## ENTRIES SHOWN
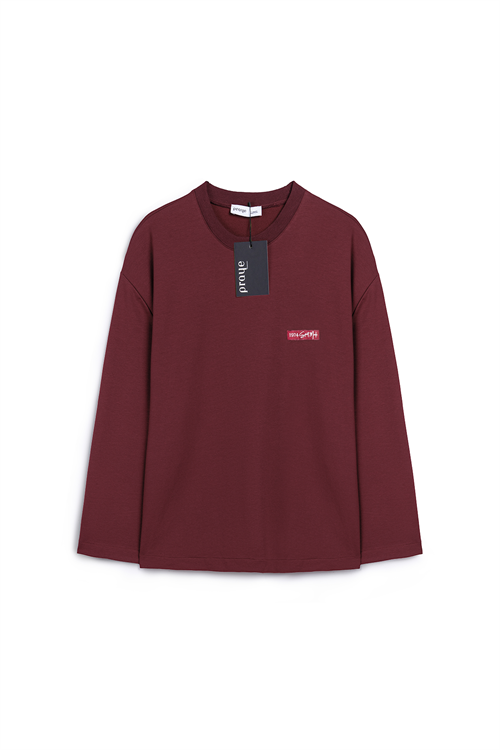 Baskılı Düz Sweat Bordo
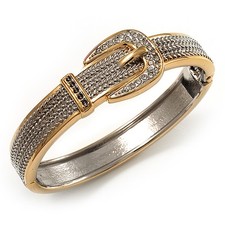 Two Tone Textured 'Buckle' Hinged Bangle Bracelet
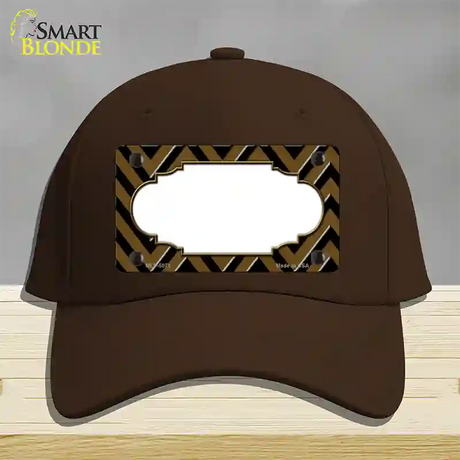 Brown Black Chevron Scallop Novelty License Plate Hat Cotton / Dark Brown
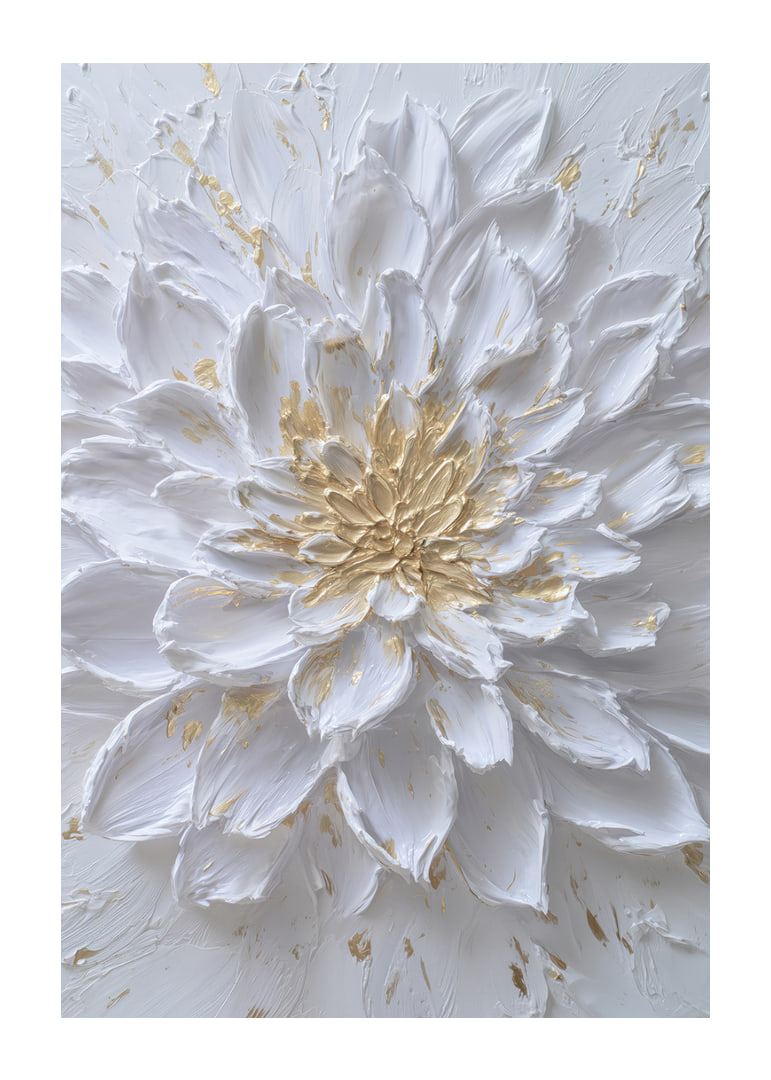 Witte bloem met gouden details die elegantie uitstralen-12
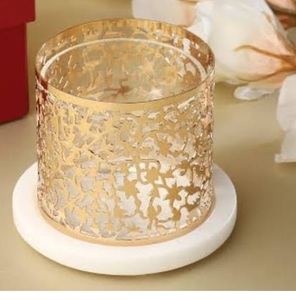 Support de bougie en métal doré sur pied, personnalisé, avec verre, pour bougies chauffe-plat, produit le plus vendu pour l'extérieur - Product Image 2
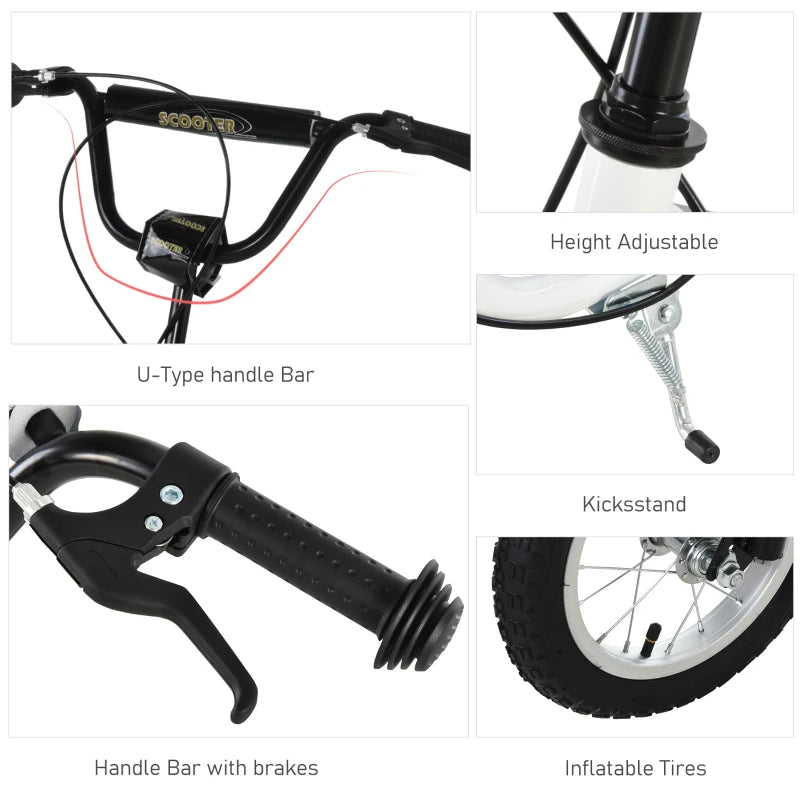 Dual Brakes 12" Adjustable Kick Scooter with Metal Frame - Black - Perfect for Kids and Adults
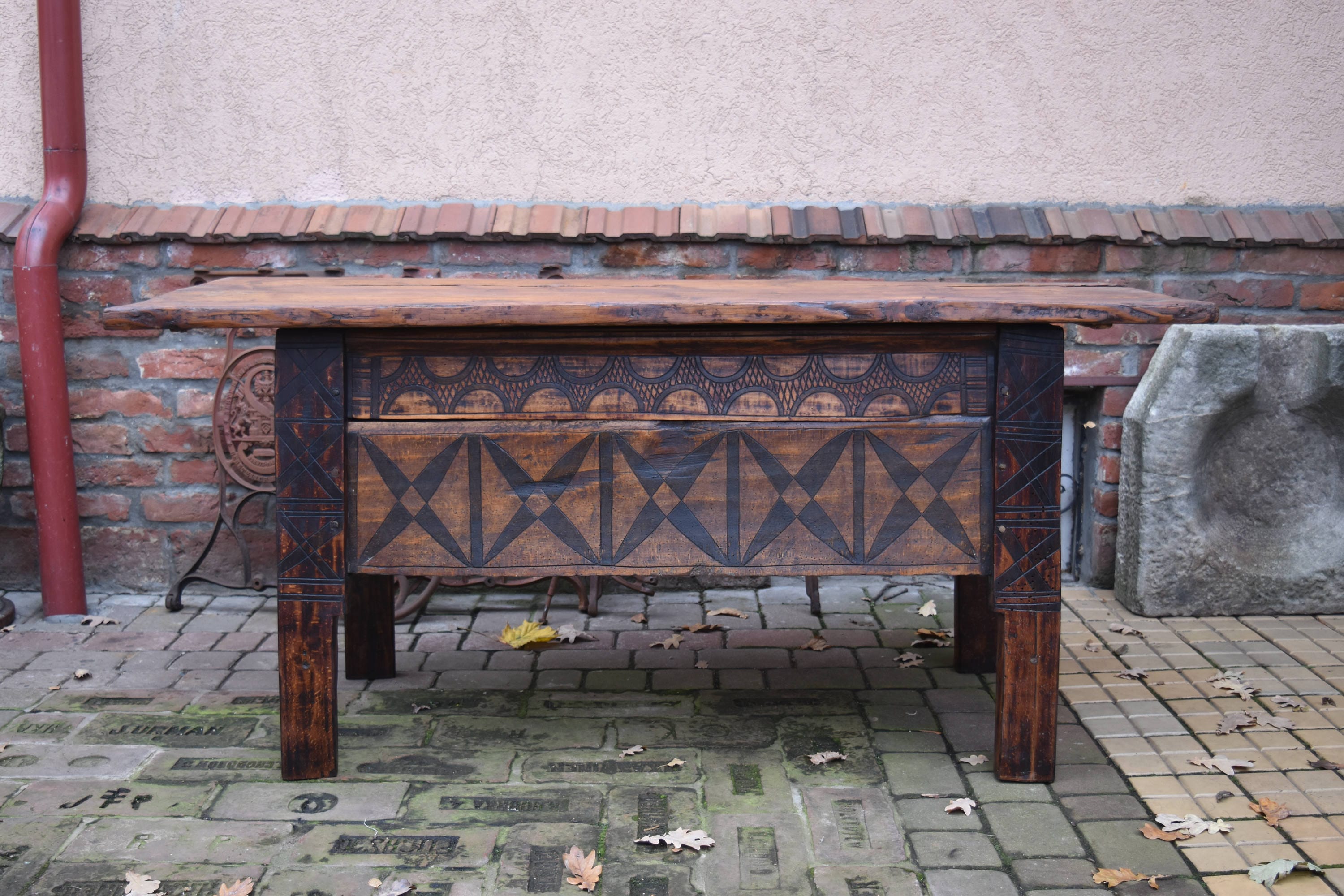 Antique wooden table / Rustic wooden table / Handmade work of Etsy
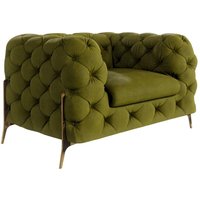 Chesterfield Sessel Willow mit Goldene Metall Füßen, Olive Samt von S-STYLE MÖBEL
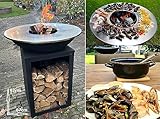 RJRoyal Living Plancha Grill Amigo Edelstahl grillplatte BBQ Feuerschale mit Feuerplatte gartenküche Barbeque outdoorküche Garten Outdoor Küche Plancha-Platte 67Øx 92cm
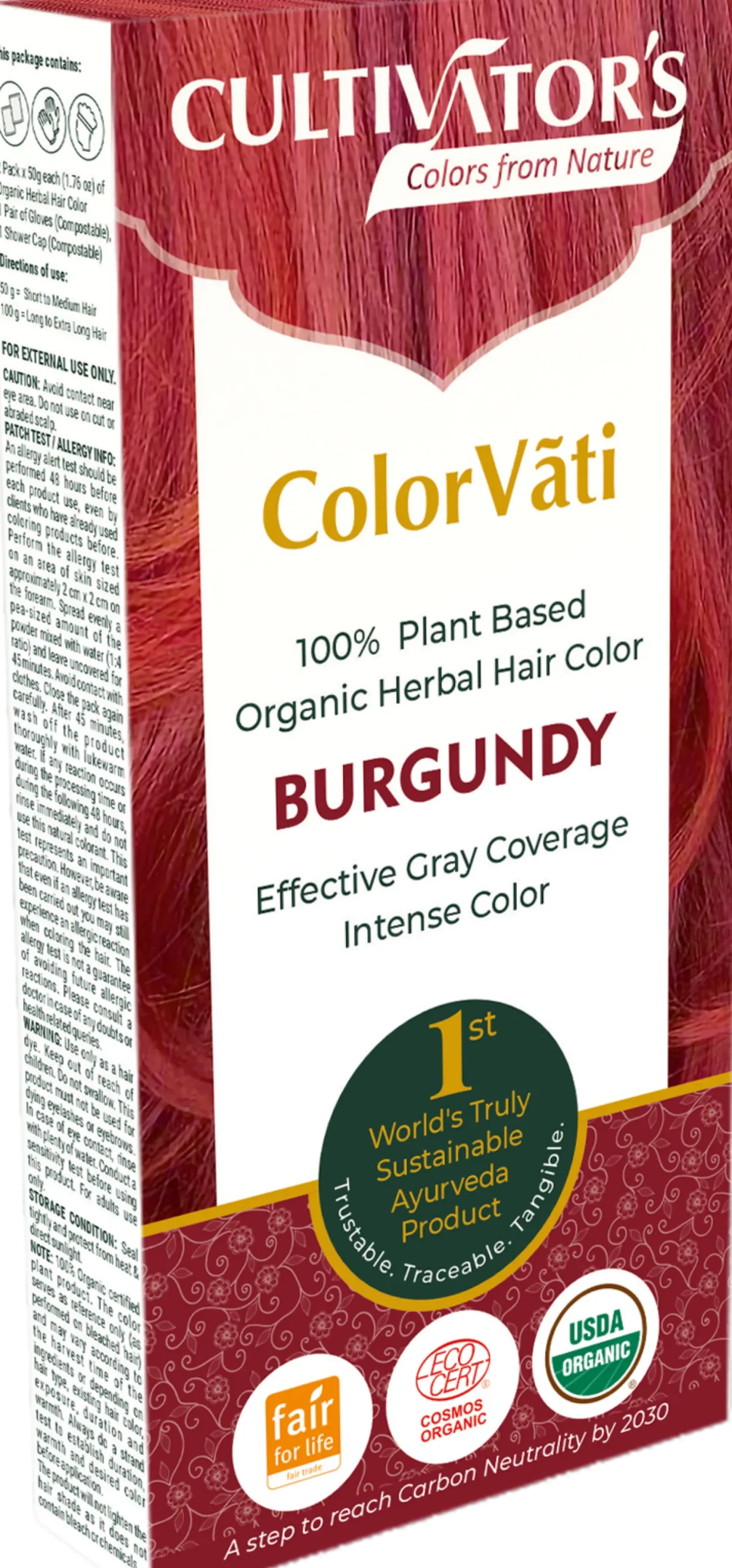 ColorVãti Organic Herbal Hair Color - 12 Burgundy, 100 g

...

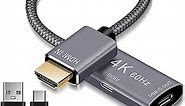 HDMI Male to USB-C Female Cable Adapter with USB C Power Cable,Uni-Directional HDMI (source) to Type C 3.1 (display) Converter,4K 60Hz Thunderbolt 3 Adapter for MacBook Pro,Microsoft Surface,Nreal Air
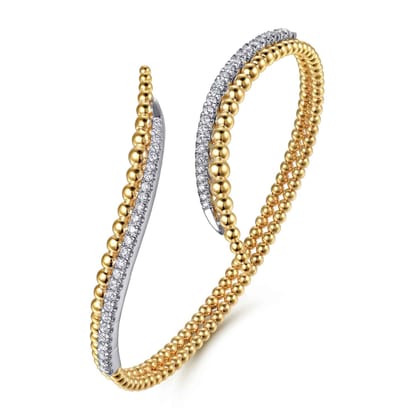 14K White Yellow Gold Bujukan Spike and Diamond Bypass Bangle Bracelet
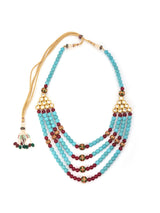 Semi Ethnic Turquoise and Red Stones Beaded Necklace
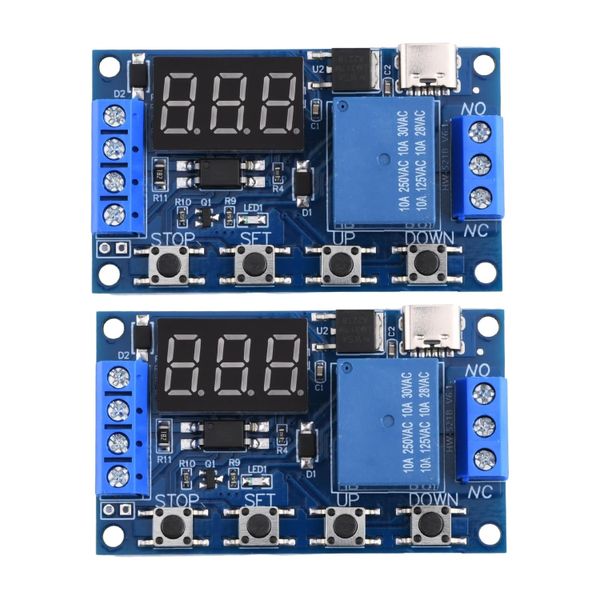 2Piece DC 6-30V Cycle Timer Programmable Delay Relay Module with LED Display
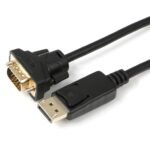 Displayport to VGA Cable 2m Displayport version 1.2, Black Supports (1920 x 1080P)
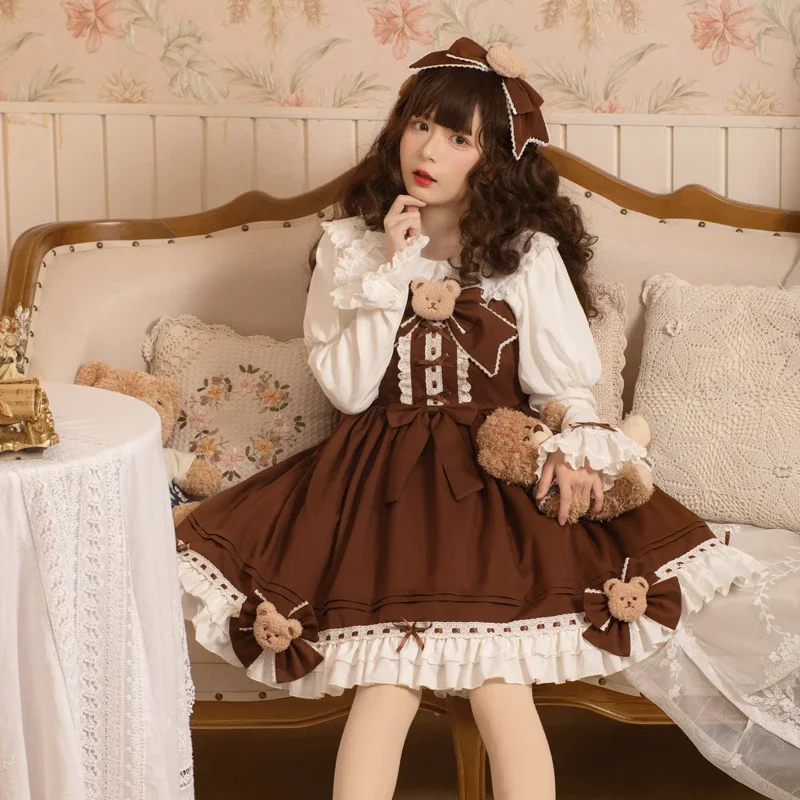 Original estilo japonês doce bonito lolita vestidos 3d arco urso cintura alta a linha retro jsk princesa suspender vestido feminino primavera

* * *

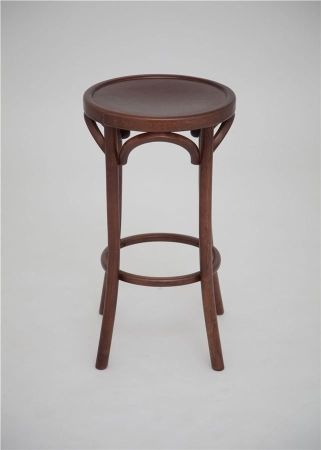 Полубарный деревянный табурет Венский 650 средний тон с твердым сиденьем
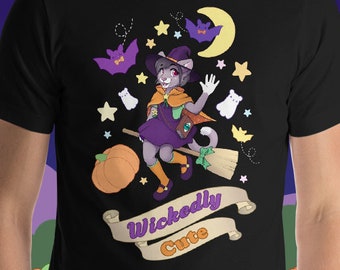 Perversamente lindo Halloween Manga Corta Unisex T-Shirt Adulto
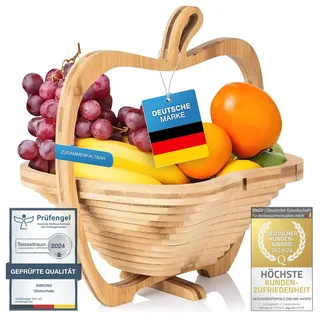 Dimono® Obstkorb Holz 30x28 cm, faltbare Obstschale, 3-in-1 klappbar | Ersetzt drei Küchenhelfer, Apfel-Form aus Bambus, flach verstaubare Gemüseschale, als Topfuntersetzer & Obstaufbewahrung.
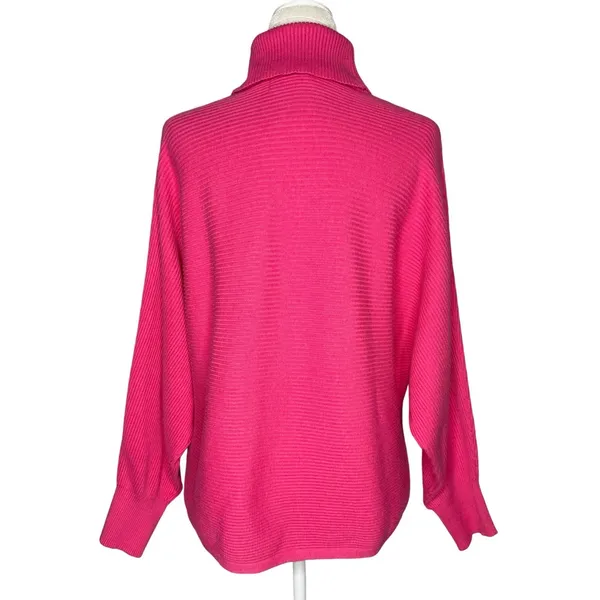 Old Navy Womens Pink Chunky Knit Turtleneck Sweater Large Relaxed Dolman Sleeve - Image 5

## PROBLEM STATEMENT
Leaving out each picture, repeat exactly the lines above from the one that contains "Baskılı Düz Sweat Bordo" through the one that contains "ColorVãti Organic Herbal".

## THE ANSWER
 Baskılı Düz Sweat Bordo
 Two Tone Textured 'Buckle' Hinged Bangle Bracelet
 Brown Black Chevron Scallop Novelty License Plate Hat Cotton / Dark Brown
 Witte bloem met gouden details die elegantie uitstralen-12
 Support de bougie en métal doré sur pied, personnalisé, avec verre, pour bougies chauffe-plat, produit le plus vendu pour l'extérieur - Product Image 2
 Dual Brakes 12" Adjustable Kick Scooter with Metal Frame - Black - Perfect for Kids and Adults
 Antique wooden table / Rustic wooden table / Handmade work of Etsy
 Chesterfield Sessel Willow mit Goldene Metall Füßen, Olive Samt von S-STYLE MÖBEL
 RJRoyal Living Plancha Grill Amigo Edelstahl grillplatte BBQ Feuerschale mit Feuerplatte gartenküche Barbeque outdoorküche Garten Outdoor Küche Plancha-Platte 67Øx 92cm
 ColorVãti Organic Herbal Hair Color - 12 Burgundy, 100 g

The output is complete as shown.